Viewfinder
May 19 - June 14th, 2011
Viewfinder: Selected works from the NARS International Artist Residency Program New York Art Residency and Studios (NARS) Foundation in collaboration with ArtGate Gallery is pleased to present four artists' work from the current and past participants of the NARS International Artist Residency Program. The exhibition brings together artists whose artistic practice involves references to familiar situations that invite the spectator to simultaneously link personal experience with the collective imagination.
Brian Lund, the first artist to participate in the residency program, works with drawings that translate motion picture editing systems into engaging colorful abstract compositions. He studies films of interest to create an archive of edit cut lists, notes and film-still sketches that document specifics within a production.
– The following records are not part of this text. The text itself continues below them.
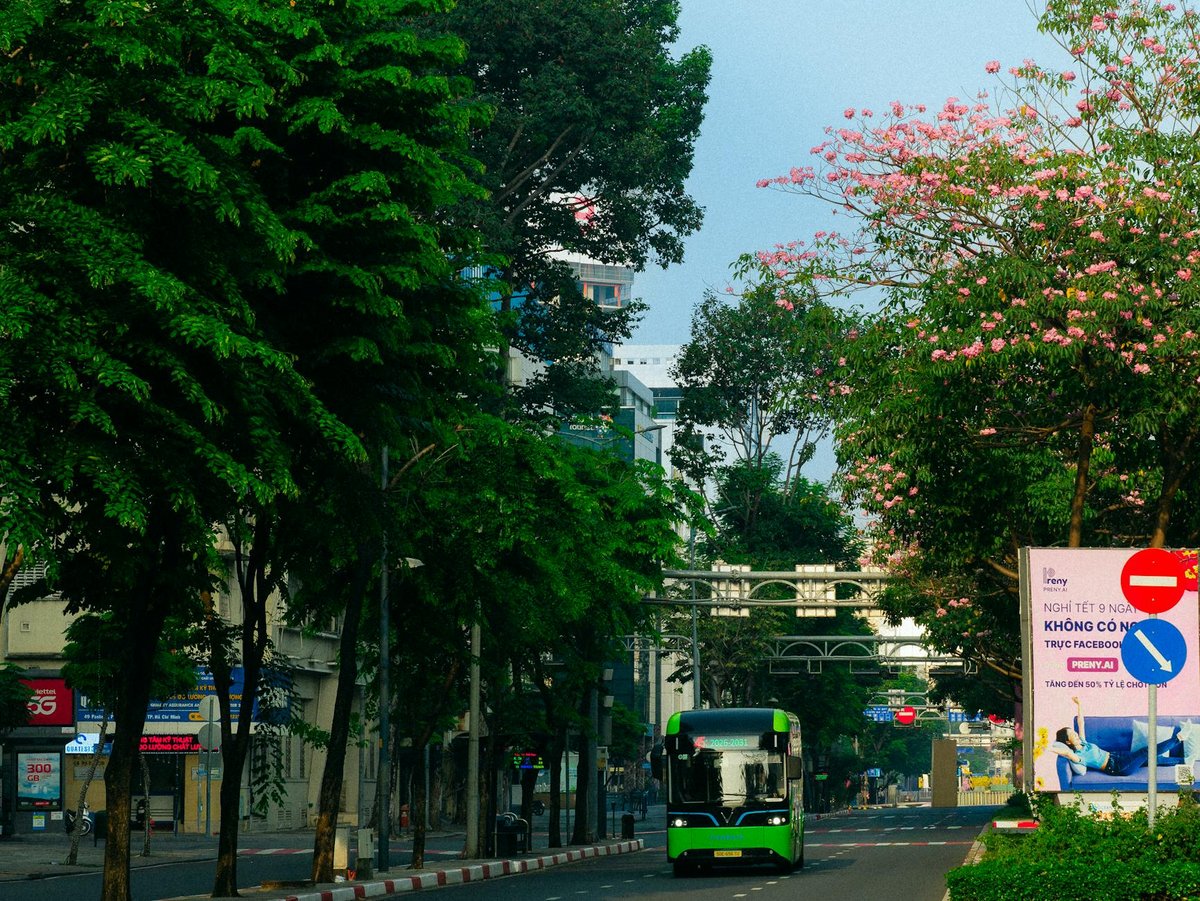 Chi Rơ Bu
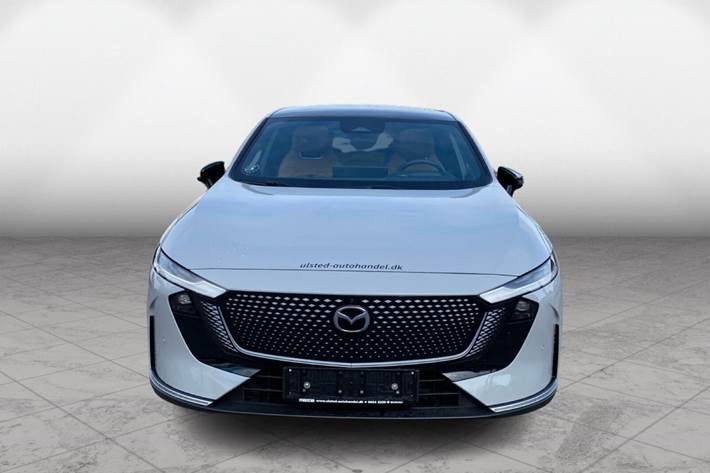 Grå Mazda 6e fra 2025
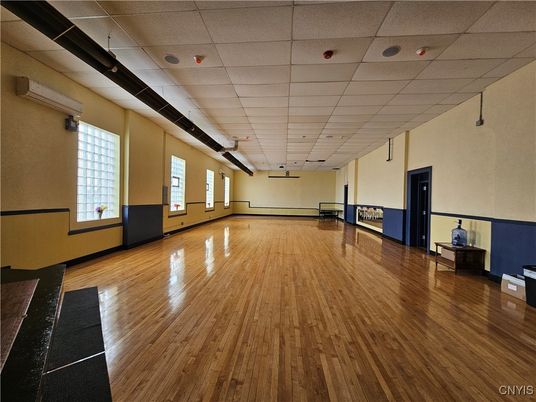 Empty room, Interior, Pendant Lights, Wood Texture Flooring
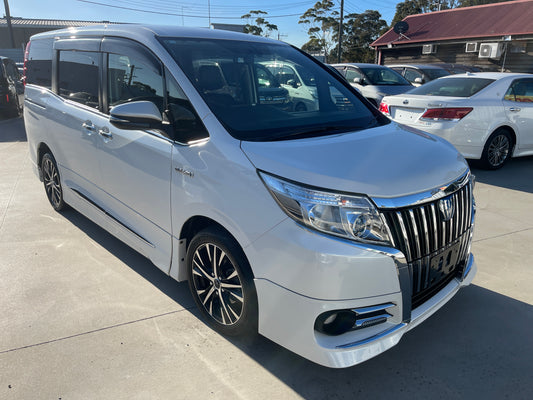 2014 Toyota Esquire 1.8 Hybrid Gi Edition 7 seater, VIN 6ZZE0ZWR800066256 (#6256)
Maia Cruz Palileo's installations investigate a hyphenated cultural identity within a domestic environment based on remembered experiences and photographs from the 1970s and 80s. As a first generation Filipino-American, Palileo explores how outward appearances such as house décor, cars, bric a brac, and brand name ownership can represent assimilation into American culture while Filipino cultural signifiers such as language, food, and moral values remain unseen.
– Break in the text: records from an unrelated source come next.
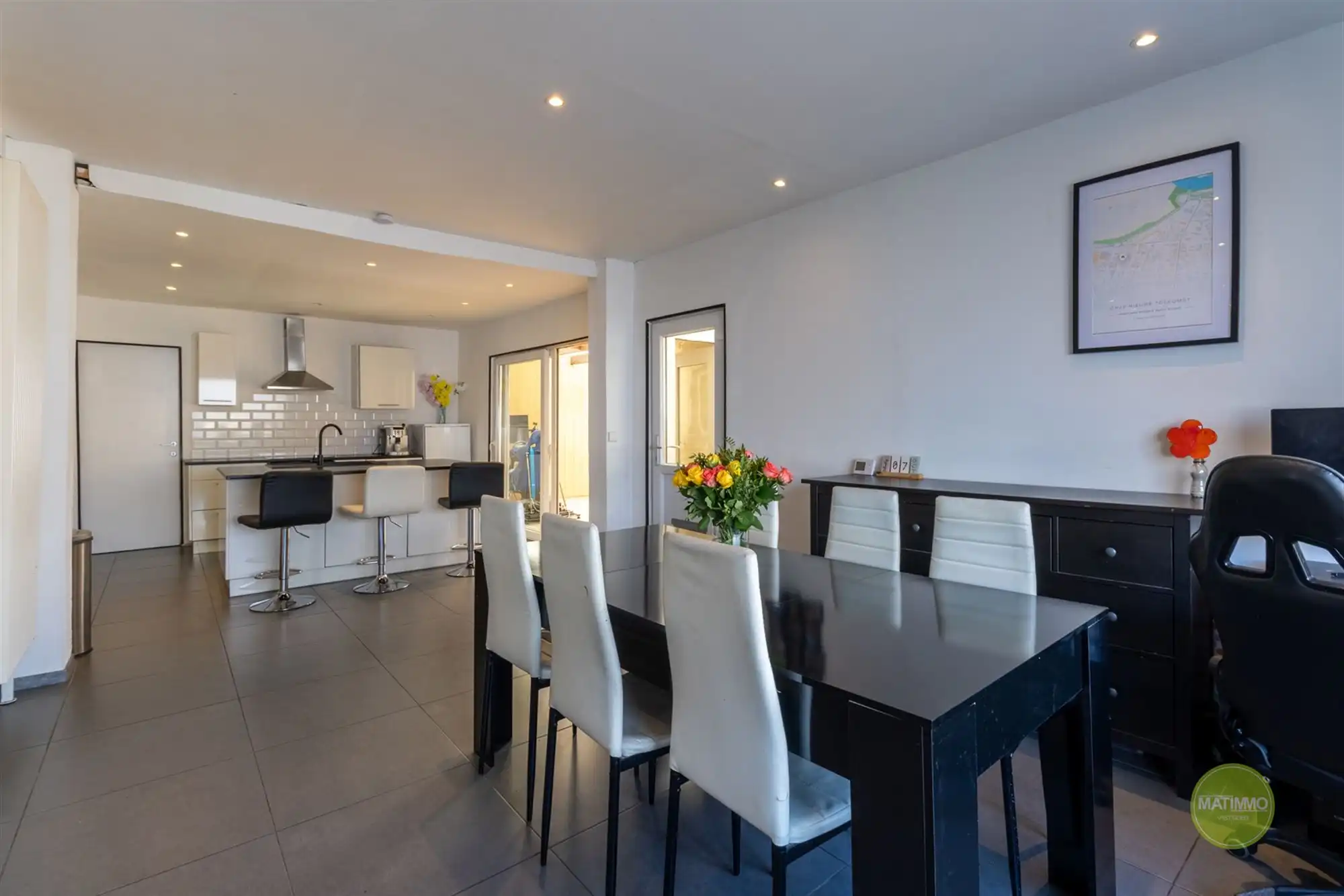 Instapklare starterswoning met 3 slaapkamers en tuin in Mol foto 2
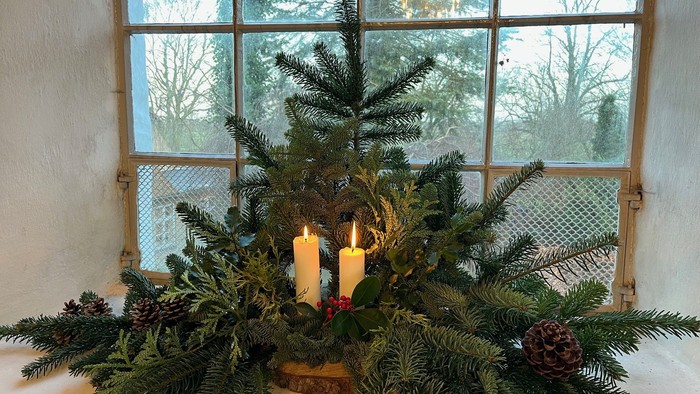 Juledekoration i vindueskarm i Butterup Kirke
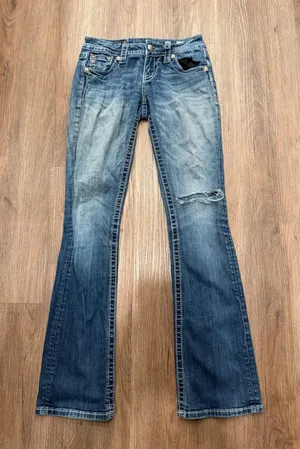 Miss Me Signature Boot Jeans 26 low rise Wash Embellished Distressed Bootcut thumbnail 1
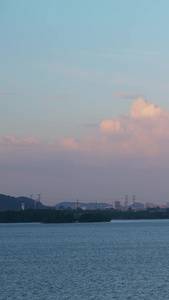 城市蓝天白云天空自然湖景风光街景休闲娱乐的人群素材街景素材视频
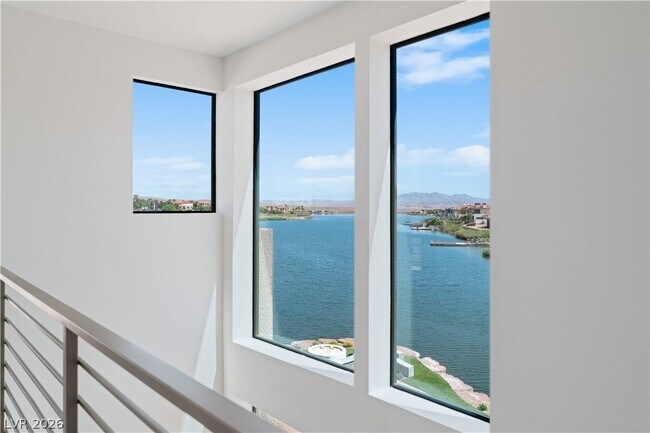 Building Photo - 66 Lakefront Dr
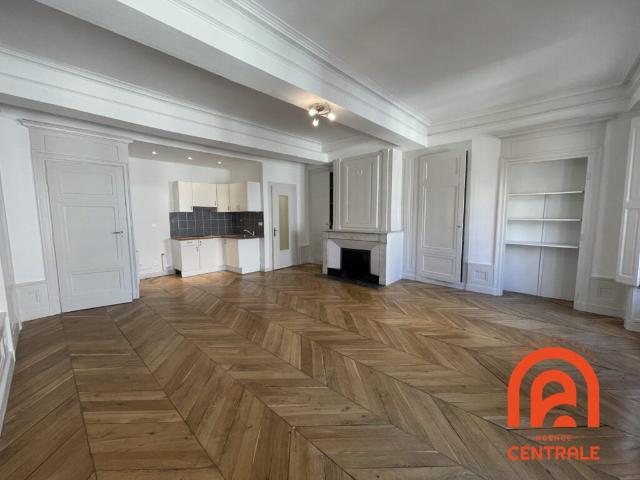 Location Appartement Rue Sainte Catherine, Lyon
Daniele Genadry's colorful but quiet paintings investigate notions of time and place using material collected from her travels. Using shifting viewpoints and the changing conditions of seeing, found images and snapshots taken during bus, car and train rides are elongated into a slower form and allowed to re-present themselves as experience. Genadry recreates and reenacts these images as if they were a distinct location – a space and frame, in and of itself – with infinite possibilities. Moments and minute peculiarities become placeholders as they are recognized, recorded and lost.
Christopher Robbins works on the uneasy cusp between public art and community action, creating sculptural interventions in the daily lives of strangers. He merges heavy material demands with a carefully crafted but somewhat perverse work-process to create awkwardly intimate social collaborations.